As an adult I’ve found the reaction to be a mix of embarrassment and disbelief. But, because my passions lie in the realm of church leadership and teaching theology, a Christian sexual ethic has largely been the norm for those around me (and certainly for those whose voices I trust enough to speak into my life). However, I also work as a support worker for people with intellectual disabilities and so a large portion of my week is spent with co-workers who have different opinions on pretty much everything. In this setting the most common reaction upon learning I was waiting until marriage was that I had made a great mistake as after marriage the sex stops. As an advertisement for casual sex I think it’s a pretty shitty one.
As far as the kind of struggle remaining celibate was, well I struggled with the allure of pornography as a young man. Pornography lies to you and says it’s harmless, it doesn’t hurt anyone. But perhaps the biggest lie is one we tell ourselves: that we aren’t what we do. We have a picture in our heads of who we are and that is us, the things we do will sometimes reflect that picture and sometimes not but the picture itself is the important thing. When we confront that lie and realize the things we do flow from ourselves and form who we are, its a terrifying moment and we have no place to hide. When I realised this I realised that there’s only one woman that I want to have sex with: my wife.

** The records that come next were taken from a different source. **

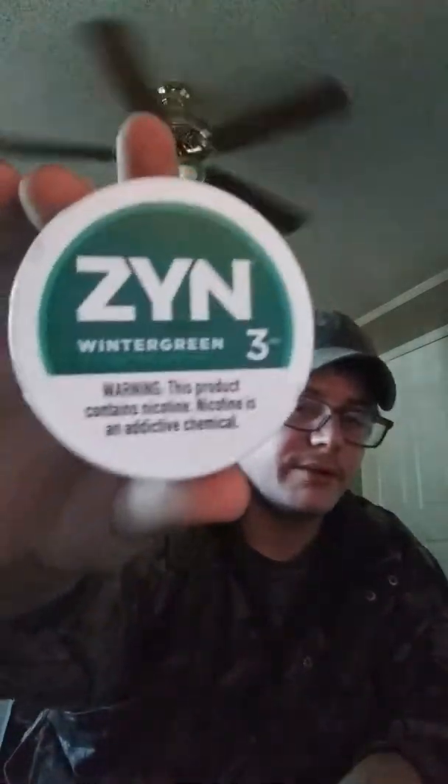So this is ZYN — like a nicotine salt, which is very unique. It's 3 mg, which is 3 mg of nicotine. Probably a little bit, or a lot, stronger than Longhorn, which I did pick up a couple cans of. This is the wintergreen flavor.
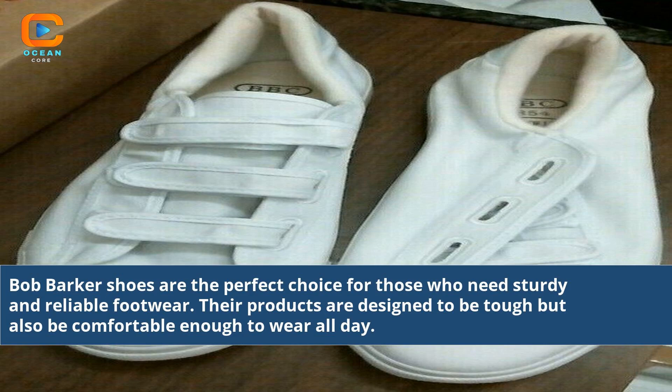Bob Barker shoes are the perfect choice for those who need sturdy and reliable footwear. Their products are designed to be tough but also comfortable enough to wear all day.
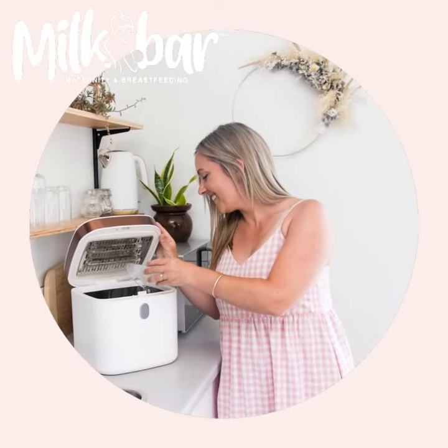Here at Milk Bar, we're mums too, so we know how busy life gets. We hope that our new UV sterilisers simplify your life so you can spend less time washing, and more time with your family. Thank you.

What good did staying a virgin until marriage do you?
We are not born as fully formed persons. We develop in our early years and begin to etch out for ourselves a picture of the people we might become. If we attach ourselves too closely with one or more people as we grow (in relationships that are sexual or even just overly intimate), it is my experience, that we begin to form our identity as a person-in-relationship. Of course, as creatures who should reflect the social trinity we are born to crave union with others and that is well and good, but if we have developed our identity in relationship with others we don’t learn how to be alone. Our identity, then, exists outside ourselves – tied up in another person, or in the idea of couple-ness – we never have to grapple with who we are because we are always grappling with who they are and who we are with them. By staying a virgin until marriage I believe I have entered this union with my wife as a more fully whole and self-aware person than I could have been had I had the help of others in forming who I am.

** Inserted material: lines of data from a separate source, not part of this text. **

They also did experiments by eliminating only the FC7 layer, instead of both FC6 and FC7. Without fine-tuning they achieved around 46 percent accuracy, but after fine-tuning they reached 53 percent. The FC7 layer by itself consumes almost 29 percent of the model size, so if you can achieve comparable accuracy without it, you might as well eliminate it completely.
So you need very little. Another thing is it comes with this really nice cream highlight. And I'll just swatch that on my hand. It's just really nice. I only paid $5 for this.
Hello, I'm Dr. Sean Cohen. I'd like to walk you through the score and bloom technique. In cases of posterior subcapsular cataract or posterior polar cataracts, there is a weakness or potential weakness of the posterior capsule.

If you haven’t already answered this question, how would you say it impacted your marriage? your sex life?
Casual sex is a “forbidden fruit” – it is desirable (and maybe more so because we are told it is untouchable), it promises a lot but delivers far less. Sex within the bounds of a marriage, free of past tainted experiences, is a chance to explore yourself and another in trust and intimacy – and my experience is that this only grows with time! That this journey will begin and end for me with my wife alone means I am not scared of being vulnerable – I don’t need to pretend that I have all the answers. It means that it’s all exploration – this is not ground I have trekked before – and I know that I will never exhaust her mysteries.